학술논문

Saliency-Guided Transformer Network combined with Local Embedding for No-Reference Image Quality Assessment
Document Type
Conference
Source
2021 IEEE/CVF International Conference on Computer Vision Workshops (ICCVW) ICCVW Computer Vision Workshops (ICCVW), 2021 IEEE/CVF International Conference on. :1953-1962 Oct, 2021
Subject
Computing and Processing
Image quality
Adaptation models
Visualization
Image resolution
Machine vision
Predictive models
Transformers
Language
ISSN
2473-9944
Abstract
No-Reference Image Quality Assessment (NR-IQA) methods based on Vision Transformer have recently drawn much attention for their superior performance.

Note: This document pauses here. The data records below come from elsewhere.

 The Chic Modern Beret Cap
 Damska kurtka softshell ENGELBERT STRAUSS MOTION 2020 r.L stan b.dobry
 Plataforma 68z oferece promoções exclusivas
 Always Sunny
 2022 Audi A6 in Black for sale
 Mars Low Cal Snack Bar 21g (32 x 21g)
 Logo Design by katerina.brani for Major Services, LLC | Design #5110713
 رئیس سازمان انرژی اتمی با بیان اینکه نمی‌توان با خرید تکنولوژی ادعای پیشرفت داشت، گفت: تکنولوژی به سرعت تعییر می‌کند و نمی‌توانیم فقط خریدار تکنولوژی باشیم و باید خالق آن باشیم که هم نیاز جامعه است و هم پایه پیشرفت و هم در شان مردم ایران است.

Unfortunately, being a crude combination of NR-IQA and Transformer, they can hardly take the advantage of their strengths. In this paper, we propose a novel Saliency-Guided Transformer Network combined with Local Embedding (TranSLA) for No-Reference Image Quality Assessment. Our TranSLA integrates different-level information for a robust representation. Existed researches have shown that the human vision system concentrates more on the Region-of-interest (RoI) when assessing the image quality. Thus we combine saliency prediction with Transformer to guide the model highlight the RoI when aggregating the global information. Besides, we import local embedding for Transformer with gradient map. Since the gradient map focuses on extracting structured feature in detail, it can be used as a supplement to offer local information for Transformer. Then, the local and non-local information can be utilized. Moreover, to accelerate the aggregation of information from all tokens, we introduce a Boosting Interaction Module (BIM) to enhance feature aggregation. BIM forces patch tokens to interact better with class tokens at all levels. Experiments on two large-scale NR-IQA benchmarks demonstrate that our method significantly outperforms the state-of-the-art.